[[ Information shown, beginning ]]

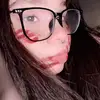 Rosie Adkins - @rose.adkins0 - TikTok
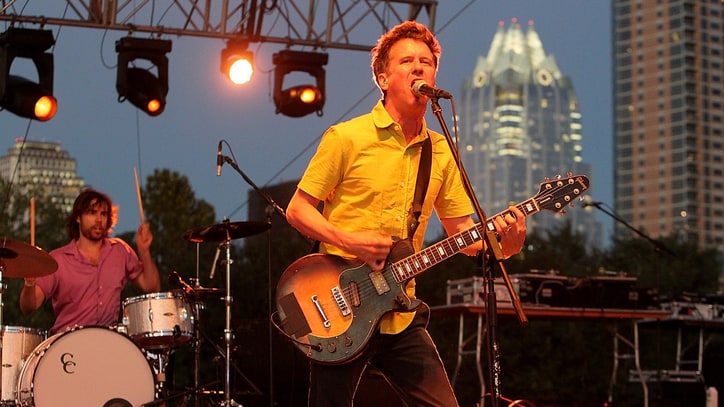 Merge Records to Mark 25 Years With Singles Series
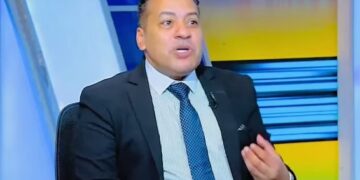عوني نافع: الكرة المصرية تمتلك المقومات.. وتحتاج إلى التخطيط والاستقرار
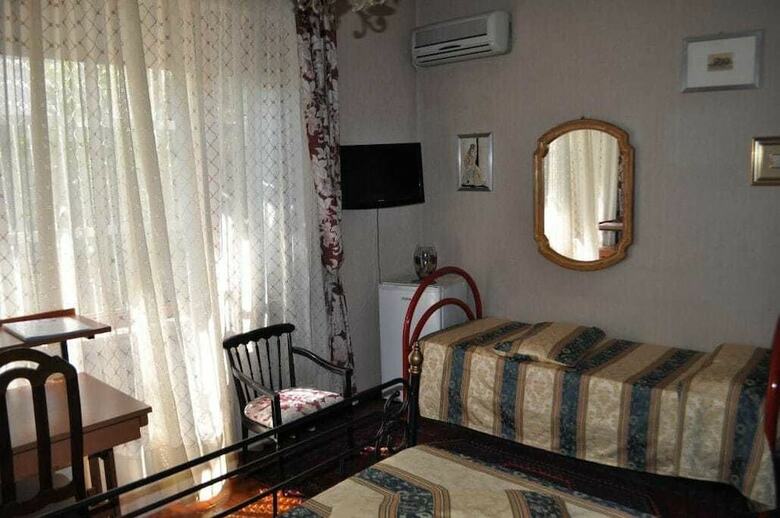 B&B Casa Di Roberto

[[ Information shown, end ]]

## Work request
Lines from the one that holds "Merge Records to" through the final line of the material are to be duplicated exactly; no pictures belong in the copy.

## Response box
 Merge Records to Mark 25 Years With Singles Series
عوني نافع: الكرة المصرية تمتلك المقومات.. وتحتاج إلى التخطيط والاستقرار
 B&B Casa Di Roberto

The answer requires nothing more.